Claims
- 1. A micro-optical-electrical-mechanical laser scanner comprising:
a silicon-on-insulator substrate having a silicon substrate layer, a buried oxide layer, and a single crystal silicon device layer; a first device layer portion of the single crystal silicon device layer; a micro-mirror fabricated from the first device layer portion; a second device layer portion of the single crystal silicon device layer; a laser attached to the second device layer portion; a hinge connecting the first device layer portion and the second device layer portion of the single crystal silicon device layer; and a bimorph material layer deposited over at least a portion of the hinge, the bi-morph material layer having a built-in stress wherein the micro-mirror and at least a portion of the hinge are released from the buried oxide layer and the bimorph material causes the hinge to move the released micro-mirror out of a horizontal position.
- 2. The invention according to claim 1 wherein the micro-mirror is moved out of the horizontal position to an angle wherein the micro-mirror either directly or indirectly reflects a laser beam emitted from the laser.

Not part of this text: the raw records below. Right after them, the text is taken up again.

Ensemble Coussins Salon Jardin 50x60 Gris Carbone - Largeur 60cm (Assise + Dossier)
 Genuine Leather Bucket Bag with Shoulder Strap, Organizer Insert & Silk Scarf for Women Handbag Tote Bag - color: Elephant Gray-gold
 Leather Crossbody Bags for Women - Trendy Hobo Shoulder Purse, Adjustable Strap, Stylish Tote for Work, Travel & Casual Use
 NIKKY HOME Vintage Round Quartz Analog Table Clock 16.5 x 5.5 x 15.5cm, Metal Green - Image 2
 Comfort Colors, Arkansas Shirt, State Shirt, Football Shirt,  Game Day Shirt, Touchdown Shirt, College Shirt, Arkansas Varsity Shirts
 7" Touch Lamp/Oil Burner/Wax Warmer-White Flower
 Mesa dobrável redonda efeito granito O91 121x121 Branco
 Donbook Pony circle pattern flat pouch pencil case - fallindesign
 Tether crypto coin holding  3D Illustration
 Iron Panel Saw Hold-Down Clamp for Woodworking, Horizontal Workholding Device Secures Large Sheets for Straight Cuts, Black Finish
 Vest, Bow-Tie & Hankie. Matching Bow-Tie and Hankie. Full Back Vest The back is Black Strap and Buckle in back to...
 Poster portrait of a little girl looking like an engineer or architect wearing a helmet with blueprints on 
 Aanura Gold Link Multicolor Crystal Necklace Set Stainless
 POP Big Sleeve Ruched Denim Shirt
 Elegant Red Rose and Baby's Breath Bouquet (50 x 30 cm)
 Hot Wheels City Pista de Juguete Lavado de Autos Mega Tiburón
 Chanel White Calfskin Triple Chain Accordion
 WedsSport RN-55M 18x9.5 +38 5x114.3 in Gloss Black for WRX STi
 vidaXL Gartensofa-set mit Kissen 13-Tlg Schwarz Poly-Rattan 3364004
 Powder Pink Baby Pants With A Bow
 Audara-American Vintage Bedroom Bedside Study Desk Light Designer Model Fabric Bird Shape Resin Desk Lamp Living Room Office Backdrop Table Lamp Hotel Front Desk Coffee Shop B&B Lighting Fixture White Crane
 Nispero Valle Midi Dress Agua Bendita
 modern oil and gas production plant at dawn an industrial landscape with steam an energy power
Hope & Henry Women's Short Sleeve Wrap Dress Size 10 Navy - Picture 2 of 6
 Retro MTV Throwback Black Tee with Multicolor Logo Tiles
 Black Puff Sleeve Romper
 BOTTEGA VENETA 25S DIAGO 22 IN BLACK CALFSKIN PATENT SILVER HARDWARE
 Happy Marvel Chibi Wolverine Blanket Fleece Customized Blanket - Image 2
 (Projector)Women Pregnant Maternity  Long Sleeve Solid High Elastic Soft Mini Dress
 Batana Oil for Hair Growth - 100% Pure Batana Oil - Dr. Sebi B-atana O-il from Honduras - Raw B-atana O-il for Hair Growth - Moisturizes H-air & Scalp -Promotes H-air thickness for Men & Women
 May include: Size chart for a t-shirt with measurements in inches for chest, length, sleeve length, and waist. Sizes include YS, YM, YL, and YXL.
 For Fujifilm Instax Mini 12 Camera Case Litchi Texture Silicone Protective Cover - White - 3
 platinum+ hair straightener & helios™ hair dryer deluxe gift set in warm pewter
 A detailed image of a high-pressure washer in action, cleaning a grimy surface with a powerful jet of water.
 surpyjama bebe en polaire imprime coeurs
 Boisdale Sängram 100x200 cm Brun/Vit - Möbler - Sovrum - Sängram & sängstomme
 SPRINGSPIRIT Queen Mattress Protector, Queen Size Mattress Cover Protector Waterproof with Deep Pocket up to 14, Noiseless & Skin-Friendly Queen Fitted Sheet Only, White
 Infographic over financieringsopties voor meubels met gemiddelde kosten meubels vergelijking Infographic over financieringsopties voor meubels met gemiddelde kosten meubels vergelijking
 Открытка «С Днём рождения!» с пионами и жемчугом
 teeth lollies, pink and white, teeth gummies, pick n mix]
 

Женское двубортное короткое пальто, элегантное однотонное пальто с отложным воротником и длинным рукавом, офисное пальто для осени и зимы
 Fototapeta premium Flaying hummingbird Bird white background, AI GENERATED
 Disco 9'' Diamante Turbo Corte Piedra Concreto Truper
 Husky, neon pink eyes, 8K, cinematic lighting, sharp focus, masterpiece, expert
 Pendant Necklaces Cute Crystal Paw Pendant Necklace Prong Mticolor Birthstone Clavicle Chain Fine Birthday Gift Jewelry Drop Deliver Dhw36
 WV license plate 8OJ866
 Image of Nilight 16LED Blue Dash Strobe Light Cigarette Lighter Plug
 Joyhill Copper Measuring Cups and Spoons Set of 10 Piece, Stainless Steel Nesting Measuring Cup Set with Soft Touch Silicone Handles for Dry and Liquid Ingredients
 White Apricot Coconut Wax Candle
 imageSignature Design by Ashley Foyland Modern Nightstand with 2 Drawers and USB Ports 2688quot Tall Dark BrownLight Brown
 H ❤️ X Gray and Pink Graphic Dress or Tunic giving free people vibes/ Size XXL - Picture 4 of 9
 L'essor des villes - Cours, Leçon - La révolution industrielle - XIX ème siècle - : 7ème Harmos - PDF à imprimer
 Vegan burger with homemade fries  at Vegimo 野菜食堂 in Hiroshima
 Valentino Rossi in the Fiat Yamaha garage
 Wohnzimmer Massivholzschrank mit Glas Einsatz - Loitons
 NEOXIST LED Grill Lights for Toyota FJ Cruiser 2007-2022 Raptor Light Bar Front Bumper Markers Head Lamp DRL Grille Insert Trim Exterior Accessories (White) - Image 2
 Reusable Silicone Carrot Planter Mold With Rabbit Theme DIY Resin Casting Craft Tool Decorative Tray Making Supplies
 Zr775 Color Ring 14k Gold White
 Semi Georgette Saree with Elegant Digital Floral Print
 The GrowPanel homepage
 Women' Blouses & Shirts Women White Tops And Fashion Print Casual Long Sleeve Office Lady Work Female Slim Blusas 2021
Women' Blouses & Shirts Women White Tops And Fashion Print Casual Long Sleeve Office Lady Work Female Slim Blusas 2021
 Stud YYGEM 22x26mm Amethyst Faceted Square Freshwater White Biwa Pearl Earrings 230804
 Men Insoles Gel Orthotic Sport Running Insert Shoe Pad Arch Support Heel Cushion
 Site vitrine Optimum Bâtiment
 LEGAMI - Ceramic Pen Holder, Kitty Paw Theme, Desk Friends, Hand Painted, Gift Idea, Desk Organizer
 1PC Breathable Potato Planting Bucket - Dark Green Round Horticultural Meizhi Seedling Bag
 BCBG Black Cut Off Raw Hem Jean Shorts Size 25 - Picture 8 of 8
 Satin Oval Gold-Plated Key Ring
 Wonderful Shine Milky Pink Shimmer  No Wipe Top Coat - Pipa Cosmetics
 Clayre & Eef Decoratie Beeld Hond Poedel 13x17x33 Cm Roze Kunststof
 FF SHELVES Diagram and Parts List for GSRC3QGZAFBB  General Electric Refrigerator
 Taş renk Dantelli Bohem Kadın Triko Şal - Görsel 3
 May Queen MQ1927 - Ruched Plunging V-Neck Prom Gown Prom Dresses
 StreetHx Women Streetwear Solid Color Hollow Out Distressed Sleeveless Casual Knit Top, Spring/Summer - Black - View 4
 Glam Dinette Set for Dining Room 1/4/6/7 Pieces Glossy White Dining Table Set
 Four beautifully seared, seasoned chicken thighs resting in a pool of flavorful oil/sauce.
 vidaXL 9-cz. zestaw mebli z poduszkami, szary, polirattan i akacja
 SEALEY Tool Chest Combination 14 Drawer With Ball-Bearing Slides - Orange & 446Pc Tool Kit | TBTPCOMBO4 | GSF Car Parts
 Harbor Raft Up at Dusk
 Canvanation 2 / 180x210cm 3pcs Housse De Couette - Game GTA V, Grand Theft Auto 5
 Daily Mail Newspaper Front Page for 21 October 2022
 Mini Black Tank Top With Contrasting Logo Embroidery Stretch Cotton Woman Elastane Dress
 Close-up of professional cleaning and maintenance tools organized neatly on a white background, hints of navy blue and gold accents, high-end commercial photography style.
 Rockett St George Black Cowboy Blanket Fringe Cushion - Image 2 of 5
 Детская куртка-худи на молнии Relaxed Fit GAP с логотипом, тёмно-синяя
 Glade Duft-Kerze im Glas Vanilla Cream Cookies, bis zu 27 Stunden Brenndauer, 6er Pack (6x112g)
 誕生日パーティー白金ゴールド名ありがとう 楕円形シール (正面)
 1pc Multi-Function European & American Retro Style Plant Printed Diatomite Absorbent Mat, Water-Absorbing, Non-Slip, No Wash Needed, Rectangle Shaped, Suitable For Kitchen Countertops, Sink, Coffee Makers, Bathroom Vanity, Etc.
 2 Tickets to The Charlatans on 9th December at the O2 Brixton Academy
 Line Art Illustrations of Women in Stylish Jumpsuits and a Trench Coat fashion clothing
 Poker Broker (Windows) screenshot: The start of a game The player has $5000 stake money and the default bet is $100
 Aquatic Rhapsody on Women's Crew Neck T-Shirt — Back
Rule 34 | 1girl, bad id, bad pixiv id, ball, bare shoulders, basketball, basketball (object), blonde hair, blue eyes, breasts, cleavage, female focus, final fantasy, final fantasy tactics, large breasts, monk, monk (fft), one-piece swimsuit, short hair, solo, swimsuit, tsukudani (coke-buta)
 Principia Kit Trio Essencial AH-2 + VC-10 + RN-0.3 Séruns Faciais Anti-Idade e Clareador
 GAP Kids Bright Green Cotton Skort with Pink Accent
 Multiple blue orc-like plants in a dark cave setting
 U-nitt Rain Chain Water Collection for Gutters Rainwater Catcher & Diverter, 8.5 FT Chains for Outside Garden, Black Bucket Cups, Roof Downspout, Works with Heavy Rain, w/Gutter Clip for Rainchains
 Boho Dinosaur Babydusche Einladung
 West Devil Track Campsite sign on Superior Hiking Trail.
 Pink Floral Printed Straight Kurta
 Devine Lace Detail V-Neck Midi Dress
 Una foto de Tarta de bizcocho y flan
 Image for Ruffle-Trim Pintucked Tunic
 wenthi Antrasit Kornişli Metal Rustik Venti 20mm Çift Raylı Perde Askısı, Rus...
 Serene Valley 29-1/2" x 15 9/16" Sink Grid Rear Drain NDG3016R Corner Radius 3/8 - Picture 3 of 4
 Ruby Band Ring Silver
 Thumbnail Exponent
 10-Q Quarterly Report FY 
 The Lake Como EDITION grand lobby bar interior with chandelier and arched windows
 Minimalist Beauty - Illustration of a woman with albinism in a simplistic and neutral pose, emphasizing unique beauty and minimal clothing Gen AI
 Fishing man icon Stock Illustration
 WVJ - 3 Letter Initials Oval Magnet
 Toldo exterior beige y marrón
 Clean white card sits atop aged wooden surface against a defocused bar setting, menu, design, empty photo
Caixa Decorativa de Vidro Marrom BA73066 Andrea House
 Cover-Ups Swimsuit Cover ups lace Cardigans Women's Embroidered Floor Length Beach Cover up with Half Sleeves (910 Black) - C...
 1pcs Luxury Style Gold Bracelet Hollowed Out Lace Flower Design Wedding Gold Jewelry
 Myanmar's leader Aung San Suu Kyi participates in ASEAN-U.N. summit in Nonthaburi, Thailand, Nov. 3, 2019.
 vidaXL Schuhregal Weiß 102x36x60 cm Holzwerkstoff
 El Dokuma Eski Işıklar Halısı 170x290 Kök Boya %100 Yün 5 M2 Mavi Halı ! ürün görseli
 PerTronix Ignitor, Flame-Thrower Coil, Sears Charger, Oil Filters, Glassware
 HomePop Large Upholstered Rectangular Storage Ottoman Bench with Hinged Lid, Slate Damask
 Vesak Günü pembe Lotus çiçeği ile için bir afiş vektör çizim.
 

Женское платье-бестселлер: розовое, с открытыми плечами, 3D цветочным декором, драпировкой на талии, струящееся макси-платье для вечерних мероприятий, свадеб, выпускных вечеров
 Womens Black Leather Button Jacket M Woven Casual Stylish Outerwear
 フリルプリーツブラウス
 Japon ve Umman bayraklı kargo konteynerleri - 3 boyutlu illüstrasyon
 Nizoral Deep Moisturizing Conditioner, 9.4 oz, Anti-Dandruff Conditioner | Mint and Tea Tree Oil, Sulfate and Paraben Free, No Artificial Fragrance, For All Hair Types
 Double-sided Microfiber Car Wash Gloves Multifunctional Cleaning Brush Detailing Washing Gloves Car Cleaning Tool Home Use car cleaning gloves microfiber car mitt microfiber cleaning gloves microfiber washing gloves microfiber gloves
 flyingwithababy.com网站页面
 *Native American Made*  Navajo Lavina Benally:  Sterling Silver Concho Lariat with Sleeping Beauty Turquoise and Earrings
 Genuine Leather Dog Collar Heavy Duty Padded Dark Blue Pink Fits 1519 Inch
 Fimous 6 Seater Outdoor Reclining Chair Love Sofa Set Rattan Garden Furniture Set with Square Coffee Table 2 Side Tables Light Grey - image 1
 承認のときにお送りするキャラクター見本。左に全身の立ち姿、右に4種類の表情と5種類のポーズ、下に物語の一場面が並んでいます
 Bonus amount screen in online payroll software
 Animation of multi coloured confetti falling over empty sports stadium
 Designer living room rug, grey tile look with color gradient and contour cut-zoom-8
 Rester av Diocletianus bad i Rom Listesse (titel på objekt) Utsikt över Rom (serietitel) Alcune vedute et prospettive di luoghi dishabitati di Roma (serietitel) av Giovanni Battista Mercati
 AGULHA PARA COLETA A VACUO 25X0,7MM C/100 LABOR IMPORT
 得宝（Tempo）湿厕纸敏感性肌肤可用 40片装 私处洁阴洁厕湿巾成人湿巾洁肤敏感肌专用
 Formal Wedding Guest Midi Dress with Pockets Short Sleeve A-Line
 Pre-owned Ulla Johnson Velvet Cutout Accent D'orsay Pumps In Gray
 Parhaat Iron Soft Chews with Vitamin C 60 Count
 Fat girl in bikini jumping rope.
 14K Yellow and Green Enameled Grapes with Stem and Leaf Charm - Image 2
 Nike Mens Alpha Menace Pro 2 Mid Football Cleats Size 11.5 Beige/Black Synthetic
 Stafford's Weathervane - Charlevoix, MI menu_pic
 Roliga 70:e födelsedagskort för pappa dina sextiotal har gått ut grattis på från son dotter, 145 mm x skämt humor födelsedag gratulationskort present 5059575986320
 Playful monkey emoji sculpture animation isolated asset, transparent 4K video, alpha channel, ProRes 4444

- 3. The invention according to claim 1 wherein the hinge is a ribbon hinge.
- 4. The invention according to claim 1 further including a power source generating a potential difference between the hinge and the silicon-on-insulator substrate, whereby the power source controls movement of the micro-mirror.
- 5. The invention according to claim 4 wherein the movement of the micro-mirror results in a scan of the laser beam.
- 6. The invention according to claim 1 wherein the micro-optical-electrical-mechanical laser scanner is used for at least one of barcode scanning, retina scanning, xerographic printing, and laser printing.
- 7. The invention according to claim 1 wherein the laser diode is integrated onto the substrate by micropositioning.
- 8. The invention according to claim 4 wherein the mirror has a resonant frequency determined by a stiffness of the hinge and a weight of the mirror.
- 9. The invention according to claim 8 wherein the resonant frequency is configurable up to the tens of kHz.
- 10. The invention according to claim 1 wherein an angle of the mirror once released is approximately 45 degrees relative to the silicon-on-insulator substrate surface and an angle between the hinge and the silicon-on-insulator substrate surface is approximately 22.5 degrees.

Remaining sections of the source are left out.